The USD School of Law has seen many changes within the past year such as a relocation task force, a search committee formed to replace Dean Thomas Geu and an increase in South Dakota bar examination passage rates since the July exam.
Bar examination preparation
The first-time passage rate for USD law graduates on the bar examination rose to 82 percent from the July exam.
The success came from the bar preparation courses that have been in place for two years, Geu said.
“We think that probably was the biggest positive change, but we’ve done a lot of other things,” Geu said. “We’ve added a course in the fall of 2015, a year after we found out the poor results. We added a first-year course to try and provide a framework to make it easier for students to assimilate the information.”
Individual professors in the law school are also working on in-class preparation such as time-pressured tests and more multiple choice questions, along with other techniques, to help students retain information.
“Each faculty member looked at the bar exam carefully and determined what the (problem) areas of testing were and made sure they covered those areas,” Geu said.
Tiffany Graham, associate dean of the law school, said on top of the required prep class, faculty are preparing students for the bar exam on an informal basis inside of other classes.
“I would say that happens on an informal basis to the degree that faculty members are incorporating bar-like questions into either practice opportunities or into their exams themselves,” Graham said.
Tyler Sobczak, a first-year USD law school student, said that he is noticing faculty efforts to prepare for the bar exam.
“Currently for my contracts class taught by Myanna Dellinger, we had a 20 question exam. She made it so you would have 30 seconds longer to answer on this than you would the bar,” Sobczak said.
However, before the 82 percent bar passage rate increase from the July exam, The Argus Leader wrote that in 2013, the USD bar passage rate had a success rate of 91 percent. Then in 2014, the success rate dropped to 75 percent, and then in 2015 dropped to 70 percent.
“In 2014, that was the first year that our passage rates went down, and we went down with a whole bunch of small public institutions,” Geu said. “We can guess and speculate, but we really don’t know why because our credentials were almost the same from the year before and we haven’t changed anything.”
Geu said the school tried to establish a new prep program in 2016-2017, but was set back after failed searches.
“We wanted to have a professional bar prep person and a required course in academic year (2016-2017),” Geu said. “We had a failed search so we brought in a couple adjuncts, and we got books that didn’t cost students anything, but of course the adjuncts weren’t experts.”

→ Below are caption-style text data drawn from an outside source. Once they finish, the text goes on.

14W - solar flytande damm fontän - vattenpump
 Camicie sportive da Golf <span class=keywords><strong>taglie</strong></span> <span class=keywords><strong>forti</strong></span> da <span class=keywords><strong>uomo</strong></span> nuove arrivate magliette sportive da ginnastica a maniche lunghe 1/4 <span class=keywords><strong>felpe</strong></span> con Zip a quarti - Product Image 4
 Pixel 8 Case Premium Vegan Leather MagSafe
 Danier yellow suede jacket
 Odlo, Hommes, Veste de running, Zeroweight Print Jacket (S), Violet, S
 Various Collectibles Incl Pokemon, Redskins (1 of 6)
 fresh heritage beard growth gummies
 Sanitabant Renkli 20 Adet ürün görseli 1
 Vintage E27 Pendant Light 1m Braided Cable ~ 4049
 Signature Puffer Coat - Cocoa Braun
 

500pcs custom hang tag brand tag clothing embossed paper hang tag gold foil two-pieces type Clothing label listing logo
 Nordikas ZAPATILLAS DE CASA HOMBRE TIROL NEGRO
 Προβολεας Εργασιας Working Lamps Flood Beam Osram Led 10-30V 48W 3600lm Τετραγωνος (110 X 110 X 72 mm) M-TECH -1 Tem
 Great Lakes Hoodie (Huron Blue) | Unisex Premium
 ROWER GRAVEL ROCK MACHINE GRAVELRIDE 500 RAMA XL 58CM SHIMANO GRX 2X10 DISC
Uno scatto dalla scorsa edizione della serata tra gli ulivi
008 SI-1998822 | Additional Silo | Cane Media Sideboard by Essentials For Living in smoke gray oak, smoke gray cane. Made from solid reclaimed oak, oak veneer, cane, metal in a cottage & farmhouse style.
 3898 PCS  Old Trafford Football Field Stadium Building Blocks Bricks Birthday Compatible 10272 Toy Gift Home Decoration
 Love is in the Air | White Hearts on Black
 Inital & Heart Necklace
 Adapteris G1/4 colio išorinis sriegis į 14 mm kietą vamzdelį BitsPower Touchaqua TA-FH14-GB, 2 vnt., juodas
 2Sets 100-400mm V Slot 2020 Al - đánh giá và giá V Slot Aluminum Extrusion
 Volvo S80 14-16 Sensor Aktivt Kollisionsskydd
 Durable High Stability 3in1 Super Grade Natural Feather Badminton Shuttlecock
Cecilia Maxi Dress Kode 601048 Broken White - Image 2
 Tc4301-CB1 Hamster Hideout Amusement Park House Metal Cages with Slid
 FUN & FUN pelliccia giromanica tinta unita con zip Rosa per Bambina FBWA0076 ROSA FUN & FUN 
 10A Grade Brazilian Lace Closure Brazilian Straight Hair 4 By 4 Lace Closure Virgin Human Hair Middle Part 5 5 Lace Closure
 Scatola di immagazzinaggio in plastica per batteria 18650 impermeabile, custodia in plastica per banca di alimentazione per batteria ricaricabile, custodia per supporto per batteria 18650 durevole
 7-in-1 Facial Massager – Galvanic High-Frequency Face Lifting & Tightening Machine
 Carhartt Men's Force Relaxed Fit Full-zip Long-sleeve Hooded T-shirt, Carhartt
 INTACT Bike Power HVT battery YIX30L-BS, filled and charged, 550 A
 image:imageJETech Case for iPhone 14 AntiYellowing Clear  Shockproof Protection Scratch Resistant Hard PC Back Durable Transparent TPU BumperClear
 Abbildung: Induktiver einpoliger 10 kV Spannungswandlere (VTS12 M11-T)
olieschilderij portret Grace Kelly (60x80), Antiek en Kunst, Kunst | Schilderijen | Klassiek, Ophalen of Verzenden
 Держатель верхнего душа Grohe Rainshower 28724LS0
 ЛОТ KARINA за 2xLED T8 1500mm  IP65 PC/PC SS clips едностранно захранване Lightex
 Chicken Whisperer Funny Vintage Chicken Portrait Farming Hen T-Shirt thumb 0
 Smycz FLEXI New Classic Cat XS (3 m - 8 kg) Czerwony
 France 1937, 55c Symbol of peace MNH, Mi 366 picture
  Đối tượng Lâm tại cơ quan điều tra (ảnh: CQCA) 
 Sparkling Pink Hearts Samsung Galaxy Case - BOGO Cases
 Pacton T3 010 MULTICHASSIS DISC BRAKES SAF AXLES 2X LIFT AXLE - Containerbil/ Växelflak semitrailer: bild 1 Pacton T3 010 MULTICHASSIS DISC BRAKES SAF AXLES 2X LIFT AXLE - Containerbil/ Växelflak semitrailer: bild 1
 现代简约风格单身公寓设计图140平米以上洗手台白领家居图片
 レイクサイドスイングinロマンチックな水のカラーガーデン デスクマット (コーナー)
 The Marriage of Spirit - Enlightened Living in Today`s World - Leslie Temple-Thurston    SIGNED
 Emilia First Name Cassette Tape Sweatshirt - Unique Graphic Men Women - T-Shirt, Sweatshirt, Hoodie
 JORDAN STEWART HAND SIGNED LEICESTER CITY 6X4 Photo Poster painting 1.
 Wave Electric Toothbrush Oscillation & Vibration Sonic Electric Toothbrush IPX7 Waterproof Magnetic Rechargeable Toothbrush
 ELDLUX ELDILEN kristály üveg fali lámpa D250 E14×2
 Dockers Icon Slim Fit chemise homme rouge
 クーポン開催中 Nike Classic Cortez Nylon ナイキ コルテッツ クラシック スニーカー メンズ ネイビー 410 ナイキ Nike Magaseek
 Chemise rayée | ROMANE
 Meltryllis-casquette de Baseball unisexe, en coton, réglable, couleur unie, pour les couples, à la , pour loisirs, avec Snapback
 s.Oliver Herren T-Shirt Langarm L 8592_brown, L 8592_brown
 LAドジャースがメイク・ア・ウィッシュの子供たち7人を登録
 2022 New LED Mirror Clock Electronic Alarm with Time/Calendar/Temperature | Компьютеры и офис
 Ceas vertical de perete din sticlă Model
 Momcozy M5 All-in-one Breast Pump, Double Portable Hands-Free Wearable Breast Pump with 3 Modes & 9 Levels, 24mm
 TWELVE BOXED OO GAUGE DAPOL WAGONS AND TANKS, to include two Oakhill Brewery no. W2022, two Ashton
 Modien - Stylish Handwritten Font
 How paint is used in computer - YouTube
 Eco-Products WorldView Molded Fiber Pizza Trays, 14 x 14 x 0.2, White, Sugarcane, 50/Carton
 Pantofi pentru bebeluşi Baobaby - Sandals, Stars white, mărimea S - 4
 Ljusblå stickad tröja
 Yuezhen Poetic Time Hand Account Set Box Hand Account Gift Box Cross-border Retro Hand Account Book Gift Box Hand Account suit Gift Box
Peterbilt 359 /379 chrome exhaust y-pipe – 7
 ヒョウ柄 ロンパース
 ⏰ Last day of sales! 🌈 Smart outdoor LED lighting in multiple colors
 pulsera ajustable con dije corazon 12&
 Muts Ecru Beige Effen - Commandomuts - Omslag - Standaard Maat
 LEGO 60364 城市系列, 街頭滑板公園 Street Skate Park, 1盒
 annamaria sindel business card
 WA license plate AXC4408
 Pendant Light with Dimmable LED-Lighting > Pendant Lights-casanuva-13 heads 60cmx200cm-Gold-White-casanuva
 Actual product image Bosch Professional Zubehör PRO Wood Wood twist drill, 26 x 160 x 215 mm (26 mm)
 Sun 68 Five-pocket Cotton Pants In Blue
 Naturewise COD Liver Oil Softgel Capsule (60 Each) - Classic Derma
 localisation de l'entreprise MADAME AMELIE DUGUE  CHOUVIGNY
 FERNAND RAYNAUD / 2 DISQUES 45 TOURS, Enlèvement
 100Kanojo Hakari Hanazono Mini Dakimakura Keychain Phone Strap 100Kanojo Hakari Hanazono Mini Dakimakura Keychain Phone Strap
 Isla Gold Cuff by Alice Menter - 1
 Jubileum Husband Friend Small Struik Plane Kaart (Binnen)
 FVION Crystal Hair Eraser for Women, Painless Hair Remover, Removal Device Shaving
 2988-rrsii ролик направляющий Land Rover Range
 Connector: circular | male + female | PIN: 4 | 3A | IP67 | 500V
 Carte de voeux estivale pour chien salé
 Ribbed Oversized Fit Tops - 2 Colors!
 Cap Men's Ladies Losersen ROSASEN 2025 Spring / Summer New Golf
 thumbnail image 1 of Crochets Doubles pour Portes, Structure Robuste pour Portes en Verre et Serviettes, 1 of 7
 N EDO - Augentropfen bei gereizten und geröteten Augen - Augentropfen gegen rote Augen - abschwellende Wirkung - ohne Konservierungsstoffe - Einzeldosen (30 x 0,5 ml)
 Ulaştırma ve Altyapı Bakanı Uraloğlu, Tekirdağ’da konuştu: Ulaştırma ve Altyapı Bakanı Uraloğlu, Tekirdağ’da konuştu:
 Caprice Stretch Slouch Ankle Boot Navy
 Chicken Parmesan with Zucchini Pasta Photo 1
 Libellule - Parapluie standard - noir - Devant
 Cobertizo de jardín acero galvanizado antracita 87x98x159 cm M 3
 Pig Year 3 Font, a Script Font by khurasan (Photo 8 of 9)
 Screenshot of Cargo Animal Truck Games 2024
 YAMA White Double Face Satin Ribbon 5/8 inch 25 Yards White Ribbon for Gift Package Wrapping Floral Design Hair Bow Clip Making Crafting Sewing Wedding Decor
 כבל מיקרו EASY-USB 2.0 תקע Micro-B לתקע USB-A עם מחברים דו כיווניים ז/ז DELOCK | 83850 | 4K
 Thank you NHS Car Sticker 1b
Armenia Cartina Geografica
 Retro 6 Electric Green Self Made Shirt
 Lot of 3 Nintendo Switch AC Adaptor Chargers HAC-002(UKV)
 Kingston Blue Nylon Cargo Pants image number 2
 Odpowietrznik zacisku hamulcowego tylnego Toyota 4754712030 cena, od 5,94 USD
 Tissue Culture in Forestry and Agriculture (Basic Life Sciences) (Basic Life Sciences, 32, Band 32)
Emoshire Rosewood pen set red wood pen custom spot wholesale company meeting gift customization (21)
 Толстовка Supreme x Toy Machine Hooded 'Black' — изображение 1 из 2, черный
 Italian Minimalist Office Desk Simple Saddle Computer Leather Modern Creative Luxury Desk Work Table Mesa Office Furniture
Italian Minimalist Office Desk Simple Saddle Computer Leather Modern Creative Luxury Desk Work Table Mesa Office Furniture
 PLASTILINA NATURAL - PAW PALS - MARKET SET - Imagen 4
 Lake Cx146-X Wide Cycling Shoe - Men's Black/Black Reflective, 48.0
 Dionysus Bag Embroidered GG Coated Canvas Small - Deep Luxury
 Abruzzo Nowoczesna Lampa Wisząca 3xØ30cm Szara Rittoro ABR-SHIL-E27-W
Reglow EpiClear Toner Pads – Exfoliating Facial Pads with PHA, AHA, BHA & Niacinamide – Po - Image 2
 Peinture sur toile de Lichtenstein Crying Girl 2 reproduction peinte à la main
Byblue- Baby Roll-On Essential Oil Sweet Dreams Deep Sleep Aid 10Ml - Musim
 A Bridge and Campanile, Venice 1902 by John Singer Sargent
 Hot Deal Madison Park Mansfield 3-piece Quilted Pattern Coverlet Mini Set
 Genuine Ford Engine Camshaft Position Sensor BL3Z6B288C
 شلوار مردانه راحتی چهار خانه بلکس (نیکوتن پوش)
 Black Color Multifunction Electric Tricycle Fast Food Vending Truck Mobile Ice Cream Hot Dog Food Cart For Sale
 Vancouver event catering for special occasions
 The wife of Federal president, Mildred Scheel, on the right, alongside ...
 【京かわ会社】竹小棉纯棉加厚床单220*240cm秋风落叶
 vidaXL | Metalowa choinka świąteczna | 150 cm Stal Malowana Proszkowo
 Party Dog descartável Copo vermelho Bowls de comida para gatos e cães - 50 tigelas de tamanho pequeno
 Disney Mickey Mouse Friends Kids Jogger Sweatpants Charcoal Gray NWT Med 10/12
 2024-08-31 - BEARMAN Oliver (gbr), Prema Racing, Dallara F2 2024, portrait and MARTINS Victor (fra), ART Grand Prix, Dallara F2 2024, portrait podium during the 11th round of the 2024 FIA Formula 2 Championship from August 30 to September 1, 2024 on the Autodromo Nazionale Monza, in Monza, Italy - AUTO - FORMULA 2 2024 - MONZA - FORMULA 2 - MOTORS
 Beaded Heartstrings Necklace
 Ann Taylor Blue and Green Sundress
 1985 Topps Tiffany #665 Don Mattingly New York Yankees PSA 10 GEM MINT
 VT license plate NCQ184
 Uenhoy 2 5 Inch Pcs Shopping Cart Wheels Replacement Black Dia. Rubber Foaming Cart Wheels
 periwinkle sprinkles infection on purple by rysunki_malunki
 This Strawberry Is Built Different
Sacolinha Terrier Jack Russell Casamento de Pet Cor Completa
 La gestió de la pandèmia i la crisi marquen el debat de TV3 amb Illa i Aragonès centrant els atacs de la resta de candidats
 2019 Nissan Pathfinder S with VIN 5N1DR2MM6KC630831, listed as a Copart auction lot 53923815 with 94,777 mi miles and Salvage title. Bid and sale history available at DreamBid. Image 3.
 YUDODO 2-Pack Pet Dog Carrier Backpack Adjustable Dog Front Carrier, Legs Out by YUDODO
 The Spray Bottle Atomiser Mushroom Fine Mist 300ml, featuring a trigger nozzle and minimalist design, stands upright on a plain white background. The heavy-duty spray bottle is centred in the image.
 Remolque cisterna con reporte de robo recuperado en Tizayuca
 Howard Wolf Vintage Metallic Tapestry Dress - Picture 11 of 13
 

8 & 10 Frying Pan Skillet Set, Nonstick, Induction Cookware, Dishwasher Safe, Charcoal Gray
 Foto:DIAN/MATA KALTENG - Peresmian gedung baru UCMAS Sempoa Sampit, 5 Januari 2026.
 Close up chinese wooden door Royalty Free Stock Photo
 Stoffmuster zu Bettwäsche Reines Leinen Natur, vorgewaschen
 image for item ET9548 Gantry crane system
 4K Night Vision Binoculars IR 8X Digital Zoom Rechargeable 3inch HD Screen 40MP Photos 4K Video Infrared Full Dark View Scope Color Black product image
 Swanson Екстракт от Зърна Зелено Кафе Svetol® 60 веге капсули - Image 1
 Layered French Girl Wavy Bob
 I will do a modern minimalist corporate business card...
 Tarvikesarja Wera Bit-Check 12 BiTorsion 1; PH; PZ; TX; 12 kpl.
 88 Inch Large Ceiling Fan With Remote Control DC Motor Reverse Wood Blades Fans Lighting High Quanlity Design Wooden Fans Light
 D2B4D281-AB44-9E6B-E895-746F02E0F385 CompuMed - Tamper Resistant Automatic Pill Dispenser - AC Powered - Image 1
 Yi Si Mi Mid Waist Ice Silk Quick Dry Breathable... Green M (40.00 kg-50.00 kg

The implementation of the bar preparation courses led to the increase in exam success rate.
Geu said that he is pleased with how the exam went.
“We’re happy about that, very happy. So as an administrator it makes me feel good, but I didn’t take the exam,” Geu said. “The credit goes to those folks who took the exam. We’re pleased and we’re proud of them.”
Search committee for a new dean
Last March, Geu announced that he was stepping down as dean of the law school and will return as a faculty member once the position was filled.
Geu said that he is not taking place in the search process for a new dean, because his job performance as dean is currently being analyzed. He said that the committee is making progress.
“I know that just last week they posted the job announcement, the committee has met and they went over and they write and approve something called a prospectus, which is a big description of the job and university,” Geu said.
For the next six weeks, the committee and the national search firm will seek candidates and advertise accordingly, he said. Geu also said that in November, the committee will likely have interviews, and then they will bring candidates to campus and a decision should be made my January.
He said that he will continue to do his job until a new dean is hired.
“My goal is to set things up and get things on the right track (and) keep improving to make the next dean look like a hero,” Geu said.
The full list of the law school dean search committee is below. The list was provided by Liz Taggart, director of admissions for the school of law.
- Dean Mary Nettleman – Chair, Dean of Medicine, VPHS
- Chief Justice David Gilbertson – South Dakota Supreme Court
- Reed A. Rasmussen – State Bar of South Dakota President
- Professor Wendy Hess – USD Law
- Professor Allen Madison – USD Law
- Thad Titze (2L)
- Jenna Schweiss (2L)
- Michael Ewald (1L)
- Carl Gutzman – HR Representative
- Dean Tiffany Graham – USD Law Associate Dean
- Lamont Sellers – Associate VP for Diversity
- Sarah Gloden Carlson – Law School Advisory Committee
- Lisa Ketcham – USD Office of Academic Affairs, Senior Secretary
Graham said that Geu did a good job as dean.
“I think that he was a fantastic dean. I think he had a lot of challenges that he had to face and truth of the matter is he didn’t have all of the resources that he would have wanted or to meet them but he did a fantastic job meeting them,” Graham said. “Sometimes it just takes a long time for the product of your effort to reveal itself. I think that’s what’s happening for him at the moment, (he’s) going out on a very high note.”
As the search continues, Sobczak said that he is optimistic about the law school and thanks to the faculty for the resources in place.
“I believe it’s the attitude to want to incrementally build your understanding of law,” Sobczak said. “I think the faculty has provided us with everything we need and I think it’s down to each student to really apply what they teach you.”